According to an unconfirmed report by RadioOkapi.net, Netherland British Compagny (NBC) – a relatively unknown DRC-based firm which manufactures and distributes telecoms products – has successfully challenged the issuance of 3G licences this year to mobile operators Airtel DRC, Oasis Telecom (Tigo), Vodacom Congo and Africell. In a judgement delivered on 26 October, the Commercial Court of Kinshasa ruled that NBC alone has the right to utilise the 2100MHz band, following its 2004 receipt of a ten-year operating concession. It is not believed that the telco has actually taken steps to utilise its mobile concession, which would be set to expire in 2014. Representatives of the cellcos affected by the decision say that they have yet to receive an official notification of the regulator’s plans to requisition the frequencies in question. Vodacom launched its 3G network earlier this month to coincide with the 14th annual Francophonie Summit, which was held in Kinshasa between 12 – 14 October.

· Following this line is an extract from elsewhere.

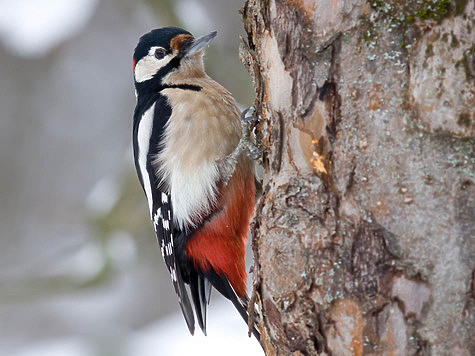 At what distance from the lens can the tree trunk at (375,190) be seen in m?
1.36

According to TeleGeography’s GlobalComms Database, in July 2012 the Autorite de Regulation de la Poste et des Telecommunications (ARPTC) belatedly issued a number of 3G concessions, that had first been promised in 2010. In the event Airtel, Oasis Telecom, Vodacom and market newcomer Africell each acquired a UMTS licence, paying USD15 million apiece.

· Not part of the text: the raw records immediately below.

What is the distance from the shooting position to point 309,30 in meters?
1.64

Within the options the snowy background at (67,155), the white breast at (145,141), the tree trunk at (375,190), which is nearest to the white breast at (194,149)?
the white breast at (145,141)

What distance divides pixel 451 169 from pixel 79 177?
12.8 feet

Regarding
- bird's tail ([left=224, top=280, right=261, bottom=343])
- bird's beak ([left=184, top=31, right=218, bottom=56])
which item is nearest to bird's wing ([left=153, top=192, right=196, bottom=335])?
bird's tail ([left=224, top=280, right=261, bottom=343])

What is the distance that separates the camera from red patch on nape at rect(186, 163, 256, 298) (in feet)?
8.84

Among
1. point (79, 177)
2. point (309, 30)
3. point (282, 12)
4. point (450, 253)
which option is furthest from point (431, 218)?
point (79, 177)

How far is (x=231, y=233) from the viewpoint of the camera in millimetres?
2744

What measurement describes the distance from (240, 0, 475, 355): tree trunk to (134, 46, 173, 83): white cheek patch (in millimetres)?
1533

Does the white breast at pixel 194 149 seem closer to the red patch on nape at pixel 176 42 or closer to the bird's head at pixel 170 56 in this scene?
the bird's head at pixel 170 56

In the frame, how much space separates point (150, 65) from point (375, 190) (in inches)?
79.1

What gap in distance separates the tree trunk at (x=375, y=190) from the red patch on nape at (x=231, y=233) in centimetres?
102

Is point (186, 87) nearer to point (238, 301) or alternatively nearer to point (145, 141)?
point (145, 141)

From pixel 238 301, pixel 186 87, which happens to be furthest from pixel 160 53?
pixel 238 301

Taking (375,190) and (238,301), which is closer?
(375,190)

The DRC mobile market has witnessed numerous companies fall foul of the government’s notoriously awkward licensing regime over the years; as many as 16 different groups have been granted 2G mobile licences in recent times, only to come unstuck due to myriad legal and financial issues. Indeed, of the aforementioned 3G licensees, only Africell has announced the commercial launch of its GSM network (late-June 2012), almost two years after receiving rights and spectrum to offer wireless services in the country. In the past the ARPTC has gone on record as describing its frequency resources as ‘completely exhausted’.